Credit remains frozen across our country. Credit being frozen means
no more jobs. It means jobless recovery, because businesses cannot make
payroll. They cannot buy supplies. They cannot maintain their
inventories. When five megabanks in our country control nearly half the
deposits of the American people, that is too concentrated. It is too
unaccountable. And it is too much of a transfer of power from the many
to the few. That isn't what America is about.
Alone, or joined together in groups, these big banks successfully
lobbied Congress to weaken financial regulatory reform and defeat one
of the most powerful and necessary reforms rebuilding the protective
walls between regular, prudent commercial banking and speculation.

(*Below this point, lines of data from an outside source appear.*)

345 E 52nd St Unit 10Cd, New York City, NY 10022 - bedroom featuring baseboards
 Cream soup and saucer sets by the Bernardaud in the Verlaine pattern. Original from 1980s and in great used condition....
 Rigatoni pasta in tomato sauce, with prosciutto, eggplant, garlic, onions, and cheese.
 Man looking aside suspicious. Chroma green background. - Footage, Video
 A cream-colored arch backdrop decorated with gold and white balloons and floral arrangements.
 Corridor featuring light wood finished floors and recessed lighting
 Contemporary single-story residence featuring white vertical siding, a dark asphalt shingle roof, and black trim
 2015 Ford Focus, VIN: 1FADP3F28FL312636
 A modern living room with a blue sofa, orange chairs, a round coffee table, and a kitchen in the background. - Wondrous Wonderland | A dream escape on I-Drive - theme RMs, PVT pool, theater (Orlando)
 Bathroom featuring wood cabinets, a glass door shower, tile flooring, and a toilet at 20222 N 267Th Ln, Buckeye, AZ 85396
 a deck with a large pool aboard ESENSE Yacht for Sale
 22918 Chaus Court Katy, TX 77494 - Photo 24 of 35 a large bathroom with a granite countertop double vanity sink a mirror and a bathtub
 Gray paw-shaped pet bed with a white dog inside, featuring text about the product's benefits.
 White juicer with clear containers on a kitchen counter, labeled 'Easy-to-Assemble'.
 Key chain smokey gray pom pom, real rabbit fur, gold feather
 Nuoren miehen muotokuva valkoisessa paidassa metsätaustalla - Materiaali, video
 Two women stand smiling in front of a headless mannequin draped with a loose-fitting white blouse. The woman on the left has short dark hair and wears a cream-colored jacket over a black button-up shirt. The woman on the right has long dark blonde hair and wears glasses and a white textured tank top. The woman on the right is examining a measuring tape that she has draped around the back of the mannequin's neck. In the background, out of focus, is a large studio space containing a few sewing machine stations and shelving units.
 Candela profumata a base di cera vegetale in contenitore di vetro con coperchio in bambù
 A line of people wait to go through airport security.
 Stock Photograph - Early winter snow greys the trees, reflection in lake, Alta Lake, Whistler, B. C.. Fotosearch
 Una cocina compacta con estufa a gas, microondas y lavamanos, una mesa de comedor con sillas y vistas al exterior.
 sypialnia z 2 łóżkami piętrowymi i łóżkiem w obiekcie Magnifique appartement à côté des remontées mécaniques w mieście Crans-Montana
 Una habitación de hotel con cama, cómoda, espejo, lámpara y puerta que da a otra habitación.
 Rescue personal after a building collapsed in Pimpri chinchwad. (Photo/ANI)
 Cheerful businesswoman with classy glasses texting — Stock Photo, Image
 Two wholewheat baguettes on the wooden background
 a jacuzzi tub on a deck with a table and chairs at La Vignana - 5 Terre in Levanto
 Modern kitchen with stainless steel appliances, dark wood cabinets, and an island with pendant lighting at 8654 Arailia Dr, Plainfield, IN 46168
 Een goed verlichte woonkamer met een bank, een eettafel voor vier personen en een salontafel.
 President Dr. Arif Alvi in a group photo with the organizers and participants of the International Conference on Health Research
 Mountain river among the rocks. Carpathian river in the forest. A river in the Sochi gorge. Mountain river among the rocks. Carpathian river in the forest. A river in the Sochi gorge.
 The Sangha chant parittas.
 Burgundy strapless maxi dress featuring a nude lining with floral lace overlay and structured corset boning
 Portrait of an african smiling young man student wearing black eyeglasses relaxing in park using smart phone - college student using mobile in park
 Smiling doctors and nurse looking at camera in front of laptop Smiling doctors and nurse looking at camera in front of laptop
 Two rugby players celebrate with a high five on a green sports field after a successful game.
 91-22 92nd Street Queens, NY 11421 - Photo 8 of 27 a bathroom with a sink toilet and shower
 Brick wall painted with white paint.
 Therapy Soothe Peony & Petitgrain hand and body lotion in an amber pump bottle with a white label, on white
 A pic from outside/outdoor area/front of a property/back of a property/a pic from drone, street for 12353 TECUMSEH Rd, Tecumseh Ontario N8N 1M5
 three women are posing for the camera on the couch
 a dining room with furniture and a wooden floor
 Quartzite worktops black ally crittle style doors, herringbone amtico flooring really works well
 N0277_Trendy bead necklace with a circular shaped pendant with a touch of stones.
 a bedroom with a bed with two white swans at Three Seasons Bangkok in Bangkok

Financial reform should have deconstructed the too big to fail firms
that caused this economic crisis, but the bill that whizzed through
this Congress a few weeks ago did exactly the opposite. It enshrined
them, it grandfathered them.
I introduced H.R. 4377, called the Return to Prudent Banking Act,
which would restore the Glass-Steagall protections, which were
overturned a decade ago in a bill called Gramm-Leach-Bliley that sailed
through this Congress. Our bill would restore the barriers between
commercial banking and speculation, not allowing this transfer of power
to the abusers.
I look forward to working with my other colleagues, like Congressman
Maurice Hinchey of New York, such a leader on this issue, to combine
our bills, to return our financial system to a prudent banking system,
one in which credit is no longer seized up because we fixed what is
wrong with the fundamentals.
Our citizens demand a more competitive banking system, one that is
less concentrated, and without the systemic risks our current one
encourages. The momentum is building for real change, and I am glad
there is an election this year. Because despite the work of the
megabanks to enshrine themselves, we still have hope because more
Americans are paying attention.
There is an article in the Wall Street Journal today by Thomas Frank
entitled Bring Back Glass-Steagall. He is right. The so-called
financial regulatory reform bill that moved through this House too
quickly last year before examining the root causes of this crisis has a
bottom line. The House bill basically grandfathered the megabanks,
which set the stage for a future meltdown in our economy because the
Federal Government becomes the open arms for Wall Street's high risk
future behavior. The big banks of course will
[[Page H113]]
fight any effort to reform the current system, but speculators
shouldn't be given free rein. They have to let the American people know
that in fact if they are high risk, hey, you are on your own. But those
firms should not be allowed to gamble with regular commercial banking.
The American people should think about how to restore normal credit
flows, because until we do that this economy is not going to heal.